Criteria: The Catholic Film Podcast
On the morning of January 15, 1944, Nazis raided a boarding school for boys in Avon, France. The Carmelite monks who ran the school had been hiding some Jewish boys there under false names. As a number of the children and teachers watched, three of their classmates were led away by the Nazis, along with the headmaster, Pere Jacques, who turned back to say only, "Au revoir, les enfants" ("Goodbye, children"). The three boys died in Auschwitz, and the priest went to Mauthausen, dying only a few weeks after the camp was liberated by US forces.
Among the children standing by on that unforgettable day was the future French film director Louis Malle. Decades later in 1987, he would memorialize the experience, the boys and the priest (whose cause for canonization was opened in 1990). The film is included on the Vatican's 1995 list of important movies under the category of Values.

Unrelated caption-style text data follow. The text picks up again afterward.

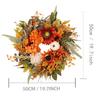 Autumn Harvest Wreath Artificial Pumpkin Wreath Front Door Autumn Wreath for Thanksgiving Harvest Halloween Party Wreath Decor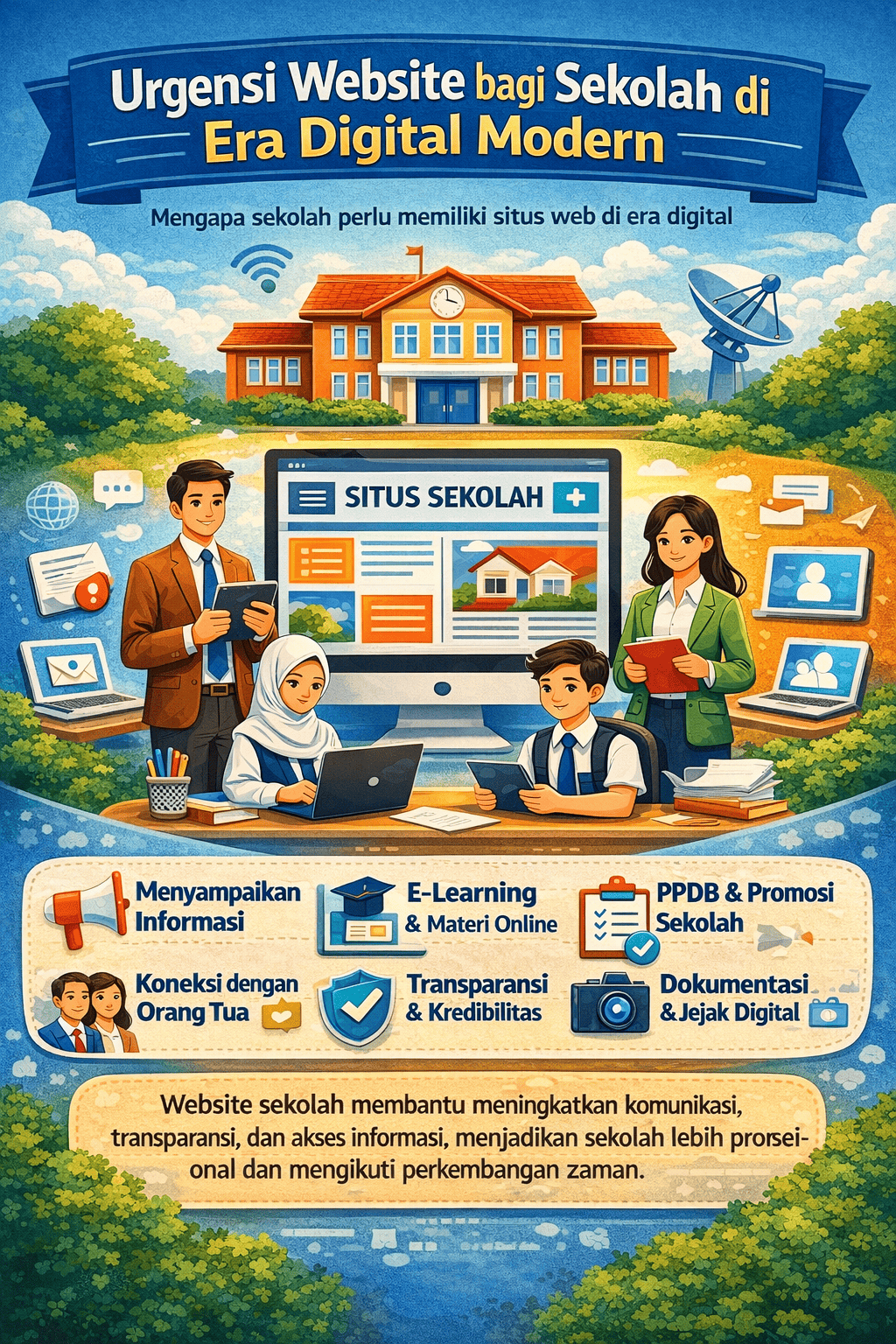 urgensi website bagi sekolah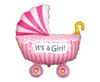 Foil balloon - IT'S A GIRL - 62 CM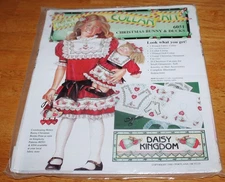Daisy Kingdom ~ HONEY BUNNY Girl & Doll CHRISTMAS BUNNY & DUCK COLLAR KIT #6051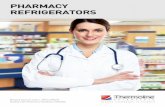 PHARMACY REFRIGERATORS - thermoline.com.au · pharmacies, medical centres, ... This independent device will turn off the refrigeration system should the control fail in the cooling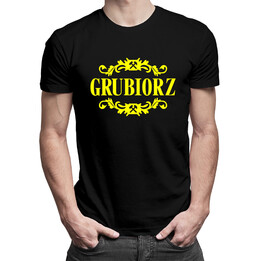 Grubiorz - męska koszulka z nadrukiem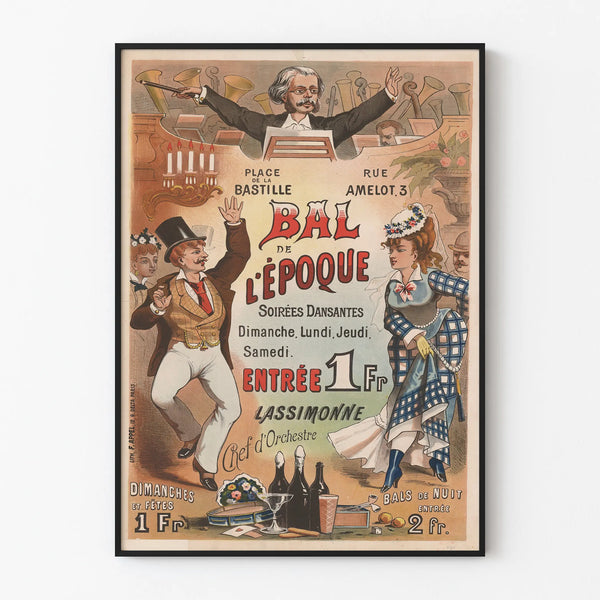 Vintage Poster of the Ball of the Era - Place de la Bastille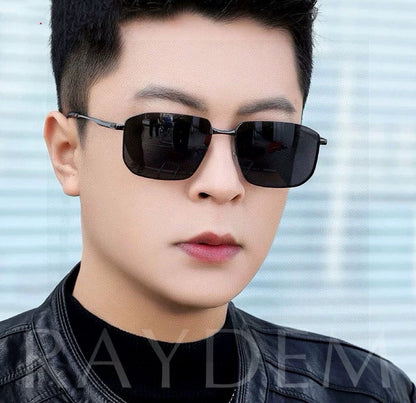GUCCI RECTANGULAR FRAME SUNGLASSES G5227 IN METAL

But Au Revoir les Enfants is about much more than the Holocaust. The bulk of the film is a kind of slice-of-life experience of a French Catholic boarding school. The children in the story don't know what is going on behind the scenes, and Malle proves deft at developing the plot in an unemphatic and invisible manner until the end. It is a coming-of-age story, a Holocaust story, and the story of a heroic priest-martyr all in one.
Note: In this episode, we mistakenly referred to the main character as “Lucien”. His name, in fact, is Julien.